English broadcaster (1930–2013)

Geoffrey Wheeler (24 September 1930 – 30 December 2013) was an English broadcaster who presented and developed a range of factual and entertainment programmes on radio and television, including the BBC's Songs of Praise and Top of the Form.

==Life and career==
Wheeler was born in Manchester, but as a child he lived in various places in Britain as his father worked as a hotel manager. While at the Grand Hotel near Piccadilly Gardens in Manchester both he and his younger brother, Peter, met Trevor Hill a BBC producer who regularly put up BBC guests there and for whom they appeared on BBC Radio's Children's Hour. He studied law at the University of Manchester. After auditioning for a radio drama, Wheeler made some 200 radio broadcasts for the BBC while still a student. In 1954 he became a trainee BBC radio producer for the Northern England region, making variety programmes with comedians such as Benny Hill and Morecambe and Wise, and rose to become senior programme producer for the region by 1962. He also began working as a television host on programmes including Come Dancing and, in 1960, an innovative early-evening regional programme using mobile cameras, Lookout.

After going freelance in 1963, he presented the school quiz show Top of the Form on BBC television from the early 1960s until the mid-1970s. For Yorkshire Television he presented the educational drama series How We Used to Live in 1969 and created the game show Winner Takes All. Wheeler set the questions and provided voiceovers on the show, which was first broadcast in 1975 and which was based around betting odds. The show was initially hosted by comedian Jimmy Tarbuck before Wheeler briefly presented it in 19871988.
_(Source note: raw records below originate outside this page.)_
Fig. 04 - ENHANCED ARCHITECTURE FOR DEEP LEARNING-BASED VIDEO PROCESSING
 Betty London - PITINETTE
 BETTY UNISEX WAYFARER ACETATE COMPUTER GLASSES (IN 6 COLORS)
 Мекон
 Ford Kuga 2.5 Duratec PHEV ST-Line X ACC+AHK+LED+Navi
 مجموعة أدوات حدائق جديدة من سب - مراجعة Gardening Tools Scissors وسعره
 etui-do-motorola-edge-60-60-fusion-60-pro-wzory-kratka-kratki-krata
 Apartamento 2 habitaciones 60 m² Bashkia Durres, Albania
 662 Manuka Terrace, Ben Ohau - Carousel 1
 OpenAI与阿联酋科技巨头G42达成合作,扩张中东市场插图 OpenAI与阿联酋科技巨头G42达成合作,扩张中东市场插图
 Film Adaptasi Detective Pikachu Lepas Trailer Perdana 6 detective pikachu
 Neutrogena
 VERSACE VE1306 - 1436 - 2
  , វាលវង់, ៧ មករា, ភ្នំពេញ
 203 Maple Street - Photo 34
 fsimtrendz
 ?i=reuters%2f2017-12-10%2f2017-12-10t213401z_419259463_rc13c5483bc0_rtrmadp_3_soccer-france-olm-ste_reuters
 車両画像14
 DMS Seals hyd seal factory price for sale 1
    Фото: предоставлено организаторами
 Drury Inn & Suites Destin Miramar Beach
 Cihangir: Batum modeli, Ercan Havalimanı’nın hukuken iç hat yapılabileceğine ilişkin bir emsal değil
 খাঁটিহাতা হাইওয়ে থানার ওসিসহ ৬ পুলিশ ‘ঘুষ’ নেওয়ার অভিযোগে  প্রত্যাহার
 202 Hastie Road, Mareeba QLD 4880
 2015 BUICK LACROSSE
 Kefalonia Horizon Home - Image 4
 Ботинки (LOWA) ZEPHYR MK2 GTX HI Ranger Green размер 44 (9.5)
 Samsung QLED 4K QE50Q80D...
Between 1965 and 1985, Wheeler presented the BBC's religious programme Songs of Praise on many occasions. He also appeared on Call My Bluff and Jackanory. From the 1990s Wheeler presented nostalgic BBC Radio programmes drawing on the corporation's archives, many covering the lives of show business performers in Britain earlier in the century.

Wheeler died after a lengthy illness in a Prestbury, Cheshire, hospice. Peter Wheeler (1934–2010), remembered for his voiceover work, was his brother.

He was also a lay reader in the Church of England.